In last month’s blog (see http://www.podiatrytoday.com/blogged/current-insights-detecting-metatar… ), I discussed the identification of metatarsus adductus in the pediatric patient. Early identification and intervention is crucial in preventing the potential long-term sequela of a debilitating foot deformity. Ideally, identifying this condition pre-ambulation would help in establishing a treatment protocol which the patient would best respond to and, more importantly, help him or her to develop normally.
When identifying a treatment protocol with children, as I have mentioned in previous blogs, it is vitally important to have the child’s parents or guardians on board with the treatment and the steps required to achieve the best results. One of the accepted standard treatment protocols in the pre-ambulatory treatment of metatarsus adductus is that of serial cast immobilization. Even though this can have a tremendous impact on the patient’s treatment, it is not always the easiest to accomplish.
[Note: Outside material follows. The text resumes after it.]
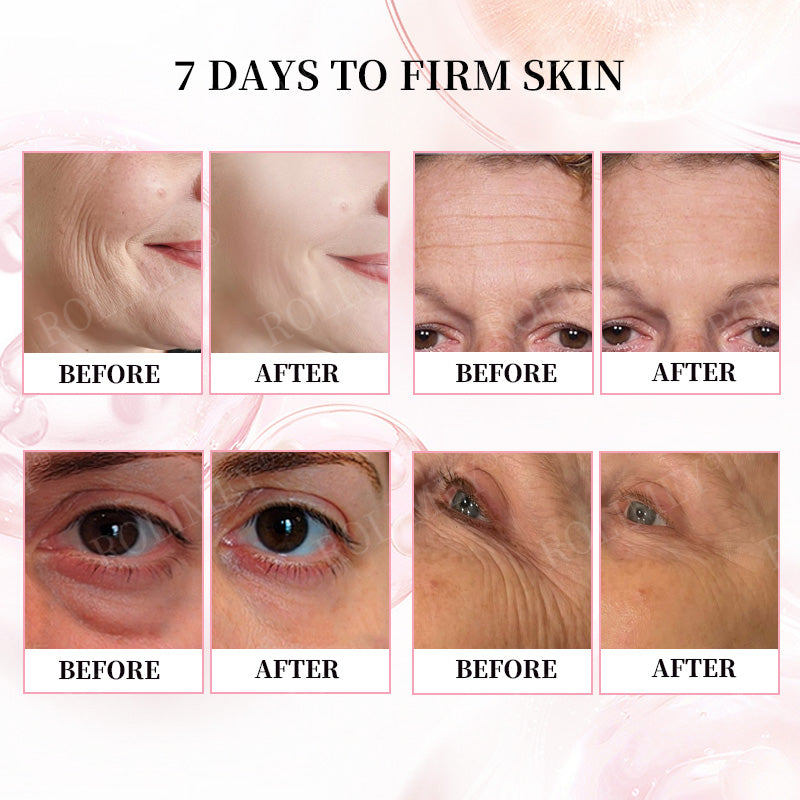 👨‍⚕️🛡️Made and Shipped from USA✅Rolimey®Botox & Stem Cell Firming Anti-Wrinkle Cream Last Day 70% OFF!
First, you have to have a willing family and patient. It is not easy psychologically for parents to see their beautiful young child in bilateral foot casts and have to explain this to every relative and friend they see. I have even been told by parents that they do not want this treatment since they are afraid that Social Services will be called for an abuse situation as someone might think their child broke both of his or her legs.
Another issue that can occur is when parents of these patients actually soak off the cast before they come in for a new cast application. The rationale is that cast cutters are very noisy and children that age are easily scared by such loud noises, particularly when the loud noise is approaching them.
The other major limiting factor to the success of the treatment protocol with casting is provider related. If you have never put a cast on a young child, you may not be prepared to deal with this. Putting a hard plaster of Paris cast on a young child or baby is a very messy affair. Not only is it messy but you also have to have a firm but gentle approach to cast application as well. You need to be gentle enough not to hurt the child but firm enough to make sure you can hold the cast in a position of correction long enough for the cast to dry. It takes practice and not everyone is up to it.
The casting technique is also not very intuitive. It requires practice and skill. As with any lower extremity cast, it is important to avoid casting in a position of equinus (unless you are casting the Ponseti technique for talipes equinovarus) and one should ensure neutral position of the subtalar joint.
The next technique pearl is to cup the foot at the fifth metatarsal base with your thenar eminence and hold your thumb on the plantar foot and index finger on the dorsum of the foot as parallel to one another as possible. With this position of one hand, you then use the thumb of your contralateral hand and push gently on the first MPJ laterally in order to realign the foot.
One would do this technique in stages. When there is a young patient with a malleable foot, this technique generally requires six to eight weeks of serial casting, keeping the foot in the ultimately corrected position for several weeks after manipulation and repositioning. You can do this bilaterally as well.
Sadly, it seems that these types of casting techniques are becoming a lost art. Not many residencies teach their residents these techniques. Much to my dismay, many of my efforts to initiate casting workshops for this have fallen on deaf ears. Even though there is much interest in casting techniques, particularly with the Ponseti technique, regular practice is needed to truly maintain proficiency. For those who do not see these pathologies very often, it is hard to keep up the skills.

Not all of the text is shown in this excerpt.